Reading, gardening, playing with my grandchildren.

6. What are you working on right now?

A Darkly Hidden Truth, the second book in my Monastery Murders series. I’m having a great time with this series because my heroine is such fun to work with. She’s young and energetic and headstrong and I keep telling her she really needs to grow up. Antony agrees, but he also finds her rather charming as she is. Except now she thinks she wants to become a nun. What am I going
to do with her?

7. Do you put yourself into your books/characters?

My thoughts, my faith, my daydreams, but not my personality. I used a lot of my daughter’s background in developing Felicity because Elizabeth did study classics at Oxford, teach school in London and go off to a monastery in Yorkshire to study (but not to become a nun). I learned very quickly, though, that giving Felicity Elizabeth’s personality made her very boring. Sweet, devout, careful people are great to live with, but not to write about.

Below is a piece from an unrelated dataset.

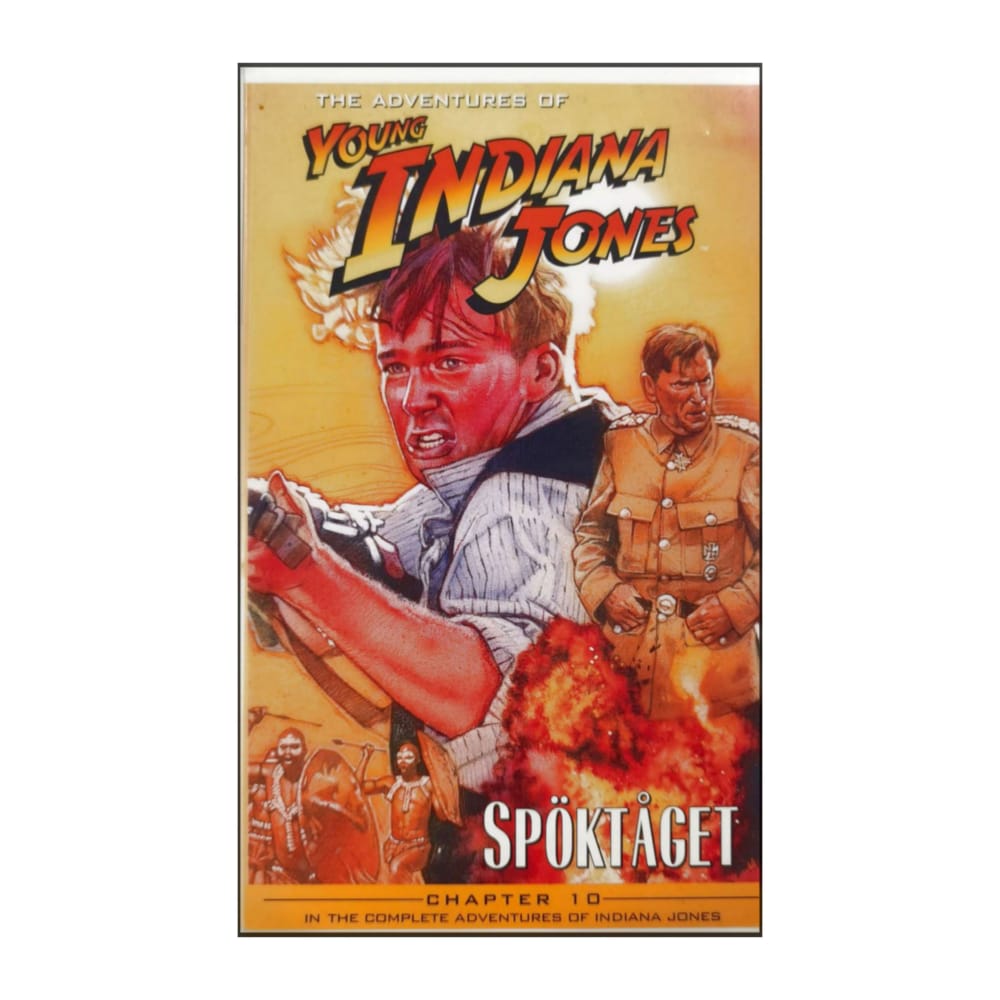 Indiana Jones 10 (1999) Spöktåget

8. Tell us about the book you have out right now.

I guess told you quite a bit about it when I told you about Felicity. She is devastated when she finds her beloved Fr. Dominic brutally murdered and Fr. Antony, her church history lecturer, soaked in his blood.

A Very Private Grave is a contemporary novel with a thoroughly modern heroine who must learn some ageless truths in order to solve the mystery and save her own life as she and Fr. Antony flee a murderer and follow clues that take them to out-of-the way sites in northern England and southern Scotland. The narrative mixes detection, intellectual puzzles, spiritual aspiration, romance, and the solving of clues ancient and modern.

9. Do you have any advice for other writers?

Read, read, read— the very best in your genre. Then write from your passion.

10. How important is faith in your books?

As in my life, it’s the center of everything. This is something Felicity has to learn— the reality of a life of faith. By the end of book 1 she’s starting to catch on.

11. What themes do you like to write about?

Almost all of my books deal in some way with the history of British Christianity. But that’s a subject, not a theme. I believe my overall theme is the importance of spiritual heritage.

12. What is your favorite book you’ve written and why?

Perhaps the most important book I’ve written is Glastonbury, The Novel of Christian England, an Arthurian grail search epic that starts with the birth of Christ and goes through the Reformation.

13. What is your writing schedule like?

I begin my day with tea and devotions in my office, then go straight to my computer, answer any pressing e-mails, then get right to work. My husband’s office is also at home, so at 3:00 we break for afternoon tea and share our days to that point— just as we did when we had children coming in from school. It’s a pattern I now see our children repeating with our grandchildren.